At the very least, this is clear. The most fundamental difference between Socrates and Xenophon might be dangerously summarized by saying that Socrates, who rarely felt the need to physically leave Athens, never wished to rule over anyone under any circumstances, while Xenophon —–his questioning and nowadays seldom read student—– did in fact wish to rule over many under varying circumstances (see Buzzetti).

Or, to put it much more nobly and perhaps more truthfully: it would be best to say that the once unknown and adventure-loving Xenophon —–who had come into direct contact with Socrates—– suddenly came to recognize far outside the boundaries of his native Athens not only the unavoidability of ruling among humans, but also and perhaps much more importantly, his absolutely unique capacity for such ruling when true crisis touched upon his life and those surrounding him.
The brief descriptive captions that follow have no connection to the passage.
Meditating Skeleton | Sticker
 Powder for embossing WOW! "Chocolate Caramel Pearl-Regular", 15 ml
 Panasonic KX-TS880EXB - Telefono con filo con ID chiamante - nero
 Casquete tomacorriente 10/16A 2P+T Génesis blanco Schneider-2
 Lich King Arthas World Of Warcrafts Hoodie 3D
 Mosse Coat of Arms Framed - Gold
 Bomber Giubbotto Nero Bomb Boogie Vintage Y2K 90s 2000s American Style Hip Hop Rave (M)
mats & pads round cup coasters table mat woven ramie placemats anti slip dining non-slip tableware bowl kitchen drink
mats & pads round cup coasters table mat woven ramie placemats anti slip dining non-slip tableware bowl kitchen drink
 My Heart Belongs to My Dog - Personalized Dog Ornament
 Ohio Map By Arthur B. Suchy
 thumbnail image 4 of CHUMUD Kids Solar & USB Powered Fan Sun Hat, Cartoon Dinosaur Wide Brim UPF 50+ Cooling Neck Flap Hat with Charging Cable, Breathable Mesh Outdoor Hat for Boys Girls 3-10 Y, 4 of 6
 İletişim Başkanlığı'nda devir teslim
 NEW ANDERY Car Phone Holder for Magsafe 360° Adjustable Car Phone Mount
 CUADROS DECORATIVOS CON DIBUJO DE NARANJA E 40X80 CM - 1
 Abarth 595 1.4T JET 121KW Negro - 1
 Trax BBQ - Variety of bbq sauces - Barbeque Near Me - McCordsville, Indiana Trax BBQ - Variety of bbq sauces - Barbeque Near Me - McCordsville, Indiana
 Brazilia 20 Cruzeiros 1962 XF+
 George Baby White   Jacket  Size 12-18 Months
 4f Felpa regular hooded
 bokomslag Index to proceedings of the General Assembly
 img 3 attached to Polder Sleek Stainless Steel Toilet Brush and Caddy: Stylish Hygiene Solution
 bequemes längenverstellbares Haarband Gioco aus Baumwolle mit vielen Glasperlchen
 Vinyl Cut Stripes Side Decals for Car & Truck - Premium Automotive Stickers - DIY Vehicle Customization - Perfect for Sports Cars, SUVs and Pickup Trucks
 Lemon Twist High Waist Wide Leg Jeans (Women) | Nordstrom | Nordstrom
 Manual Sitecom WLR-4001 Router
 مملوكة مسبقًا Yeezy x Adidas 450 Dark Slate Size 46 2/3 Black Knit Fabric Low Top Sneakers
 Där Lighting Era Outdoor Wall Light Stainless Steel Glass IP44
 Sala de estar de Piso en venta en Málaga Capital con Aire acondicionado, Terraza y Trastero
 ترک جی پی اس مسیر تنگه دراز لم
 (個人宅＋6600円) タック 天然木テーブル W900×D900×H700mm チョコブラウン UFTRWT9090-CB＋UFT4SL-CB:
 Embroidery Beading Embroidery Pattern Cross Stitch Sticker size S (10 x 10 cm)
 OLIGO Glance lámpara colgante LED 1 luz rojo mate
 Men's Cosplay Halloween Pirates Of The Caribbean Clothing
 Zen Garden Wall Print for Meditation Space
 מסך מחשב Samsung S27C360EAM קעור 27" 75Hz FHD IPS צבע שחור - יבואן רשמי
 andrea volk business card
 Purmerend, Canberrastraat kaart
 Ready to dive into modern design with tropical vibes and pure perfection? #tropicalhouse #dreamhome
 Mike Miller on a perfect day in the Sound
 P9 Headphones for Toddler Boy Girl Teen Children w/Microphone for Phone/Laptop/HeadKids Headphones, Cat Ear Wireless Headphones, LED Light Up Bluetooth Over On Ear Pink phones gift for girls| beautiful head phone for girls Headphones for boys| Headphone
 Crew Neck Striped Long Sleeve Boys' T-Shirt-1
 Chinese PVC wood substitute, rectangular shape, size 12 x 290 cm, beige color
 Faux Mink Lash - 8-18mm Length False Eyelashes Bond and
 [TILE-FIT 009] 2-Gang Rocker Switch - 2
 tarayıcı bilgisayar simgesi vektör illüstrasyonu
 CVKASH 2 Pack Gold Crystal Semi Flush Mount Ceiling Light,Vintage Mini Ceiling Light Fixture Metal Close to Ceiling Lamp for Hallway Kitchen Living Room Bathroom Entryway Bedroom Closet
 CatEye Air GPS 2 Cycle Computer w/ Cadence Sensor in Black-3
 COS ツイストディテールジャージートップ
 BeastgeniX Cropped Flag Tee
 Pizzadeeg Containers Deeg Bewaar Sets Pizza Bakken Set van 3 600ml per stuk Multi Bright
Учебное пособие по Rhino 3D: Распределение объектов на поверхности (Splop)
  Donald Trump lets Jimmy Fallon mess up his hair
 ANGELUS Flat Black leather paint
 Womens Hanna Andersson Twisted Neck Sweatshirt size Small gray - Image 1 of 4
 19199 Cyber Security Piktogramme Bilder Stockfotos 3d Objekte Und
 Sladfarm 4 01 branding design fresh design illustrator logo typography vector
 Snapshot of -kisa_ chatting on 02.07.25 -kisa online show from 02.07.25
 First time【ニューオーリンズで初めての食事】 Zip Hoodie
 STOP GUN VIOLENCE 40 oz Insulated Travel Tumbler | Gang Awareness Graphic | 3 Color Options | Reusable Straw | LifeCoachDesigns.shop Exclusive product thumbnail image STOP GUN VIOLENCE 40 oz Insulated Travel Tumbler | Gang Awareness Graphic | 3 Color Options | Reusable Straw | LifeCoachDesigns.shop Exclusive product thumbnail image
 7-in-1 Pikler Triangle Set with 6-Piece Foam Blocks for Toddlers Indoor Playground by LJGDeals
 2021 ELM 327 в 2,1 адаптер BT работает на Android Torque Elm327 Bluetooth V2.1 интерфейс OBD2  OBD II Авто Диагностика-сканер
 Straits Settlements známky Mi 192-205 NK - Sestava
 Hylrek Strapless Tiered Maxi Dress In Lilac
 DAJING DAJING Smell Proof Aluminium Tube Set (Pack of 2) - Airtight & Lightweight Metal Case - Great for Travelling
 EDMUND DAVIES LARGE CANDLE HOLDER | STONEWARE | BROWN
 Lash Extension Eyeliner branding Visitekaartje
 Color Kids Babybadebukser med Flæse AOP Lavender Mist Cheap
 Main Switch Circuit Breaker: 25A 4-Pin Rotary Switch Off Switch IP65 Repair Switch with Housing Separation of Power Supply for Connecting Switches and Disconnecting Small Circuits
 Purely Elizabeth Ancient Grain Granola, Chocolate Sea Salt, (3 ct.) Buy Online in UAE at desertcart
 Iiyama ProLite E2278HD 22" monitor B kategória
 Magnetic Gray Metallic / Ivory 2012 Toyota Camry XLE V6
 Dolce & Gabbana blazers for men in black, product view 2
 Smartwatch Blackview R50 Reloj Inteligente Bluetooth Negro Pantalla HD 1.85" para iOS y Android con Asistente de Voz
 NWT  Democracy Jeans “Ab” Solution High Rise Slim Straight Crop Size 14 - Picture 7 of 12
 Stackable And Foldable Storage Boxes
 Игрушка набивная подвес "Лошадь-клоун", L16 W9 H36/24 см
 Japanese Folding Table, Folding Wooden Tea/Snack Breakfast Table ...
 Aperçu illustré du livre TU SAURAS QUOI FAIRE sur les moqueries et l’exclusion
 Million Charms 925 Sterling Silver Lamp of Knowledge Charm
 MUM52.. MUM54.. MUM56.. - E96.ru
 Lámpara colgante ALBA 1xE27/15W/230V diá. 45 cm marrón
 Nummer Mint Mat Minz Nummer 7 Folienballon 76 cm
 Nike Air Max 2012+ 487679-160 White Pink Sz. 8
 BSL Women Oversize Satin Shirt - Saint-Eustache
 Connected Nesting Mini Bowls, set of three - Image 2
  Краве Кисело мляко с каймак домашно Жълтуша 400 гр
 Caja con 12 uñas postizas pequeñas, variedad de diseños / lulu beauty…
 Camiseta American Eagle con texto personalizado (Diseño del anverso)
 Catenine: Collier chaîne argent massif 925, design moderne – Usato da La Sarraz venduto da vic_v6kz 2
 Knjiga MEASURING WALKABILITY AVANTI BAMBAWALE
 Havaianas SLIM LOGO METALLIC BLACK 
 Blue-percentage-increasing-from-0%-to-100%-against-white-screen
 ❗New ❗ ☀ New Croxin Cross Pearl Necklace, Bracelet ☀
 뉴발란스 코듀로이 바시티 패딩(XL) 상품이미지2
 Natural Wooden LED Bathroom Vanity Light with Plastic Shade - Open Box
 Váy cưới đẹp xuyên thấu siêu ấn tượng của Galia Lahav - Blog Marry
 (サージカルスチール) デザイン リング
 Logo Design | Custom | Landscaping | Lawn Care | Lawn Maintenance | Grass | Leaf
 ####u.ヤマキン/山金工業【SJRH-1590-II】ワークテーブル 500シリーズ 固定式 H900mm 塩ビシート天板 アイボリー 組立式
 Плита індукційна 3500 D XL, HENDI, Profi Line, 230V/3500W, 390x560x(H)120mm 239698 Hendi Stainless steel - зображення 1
However, later in life he seems to have given up this politically engaged desire for the desire to recollect in writing both tension-ridden forms of life: on the one hand recovering the life of Socrates in his Memorabilia and the other  truly amazing shorter Socratic texts, and on the other hand recovering the circumstances of his rise to fame and glory as a commander in his autobiographical The Anabasis of Cyrus. In contrast, Socrates also never felt the desire to write, not of himself or others.

Agoristic philosophy ——as the foundation of political philosophy—– begins in wonder (thaumazein) at such striking complex connections and deep tensions between the life of politics and the life of philosophy. Its path is that of an understanding of the dynamics of virtue(s); its guide remains Aristotle.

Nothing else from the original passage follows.